• WHAT THIS TASK INVOLVES
Output verbatim the line with "Los nuevos árbitros" together with every line beneath it, ending at the last line of the entries.

• DATA EXTRACTS
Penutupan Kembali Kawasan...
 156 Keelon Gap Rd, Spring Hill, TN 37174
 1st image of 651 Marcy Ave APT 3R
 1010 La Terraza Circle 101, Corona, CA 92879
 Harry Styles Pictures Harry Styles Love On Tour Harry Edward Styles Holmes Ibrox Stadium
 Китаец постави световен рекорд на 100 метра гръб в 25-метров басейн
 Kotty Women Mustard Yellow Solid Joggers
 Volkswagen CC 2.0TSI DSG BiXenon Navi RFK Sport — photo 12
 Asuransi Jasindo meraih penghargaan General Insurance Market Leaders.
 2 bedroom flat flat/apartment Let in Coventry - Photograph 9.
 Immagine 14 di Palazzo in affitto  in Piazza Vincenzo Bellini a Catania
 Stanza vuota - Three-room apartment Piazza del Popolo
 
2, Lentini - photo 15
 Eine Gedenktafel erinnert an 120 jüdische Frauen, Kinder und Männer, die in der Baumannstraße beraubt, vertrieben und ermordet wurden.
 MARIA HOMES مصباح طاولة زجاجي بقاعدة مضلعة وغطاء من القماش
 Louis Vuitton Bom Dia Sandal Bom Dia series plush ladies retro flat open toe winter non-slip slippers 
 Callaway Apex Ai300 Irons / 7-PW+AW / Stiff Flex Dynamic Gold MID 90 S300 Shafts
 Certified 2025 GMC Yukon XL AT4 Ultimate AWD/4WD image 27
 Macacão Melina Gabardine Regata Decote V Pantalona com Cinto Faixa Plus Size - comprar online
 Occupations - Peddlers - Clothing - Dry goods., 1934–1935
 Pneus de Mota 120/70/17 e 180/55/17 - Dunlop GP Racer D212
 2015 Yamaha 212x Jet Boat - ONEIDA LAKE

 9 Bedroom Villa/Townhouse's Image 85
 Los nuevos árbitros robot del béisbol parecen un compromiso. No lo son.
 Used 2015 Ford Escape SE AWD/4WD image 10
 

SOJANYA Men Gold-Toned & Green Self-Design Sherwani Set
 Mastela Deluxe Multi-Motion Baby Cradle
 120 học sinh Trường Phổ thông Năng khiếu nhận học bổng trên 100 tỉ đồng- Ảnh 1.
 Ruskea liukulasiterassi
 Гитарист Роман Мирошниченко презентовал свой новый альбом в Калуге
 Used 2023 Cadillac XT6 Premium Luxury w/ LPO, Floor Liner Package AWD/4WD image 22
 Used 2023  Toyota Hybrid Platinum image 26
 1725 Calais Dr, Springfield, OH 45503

• SOLVED EXERCISE
 Los nuevos árbitros robot del béisbol parecen un compromiso. No lo son.
 Used 2015 Ford Escape SE AWD/4WD image 10
 

SOJANYA Men Gold-Toned & Green Self-Design Sherwani Set
 Mastela Deluxe Multi-Motion Baby Cradle
 120 học sinh Trường Phổ thông Năng khiếu nhận học bổng trên 100 tỉ đồng- Ảnh 1.
 Ruskea liukulasiterassi
 Гитарист Роман Мирошниченко презентовал свой новый альбом в Калуге
 Used 2023 Cadillac XT6 Premium Luxury w/ LPO, Floor Liner Package AWD/4WD image 22
 Used 2023  Toyota Hybrid Platinum image 26
 1725 Calais Dr, Springfield, OH 45503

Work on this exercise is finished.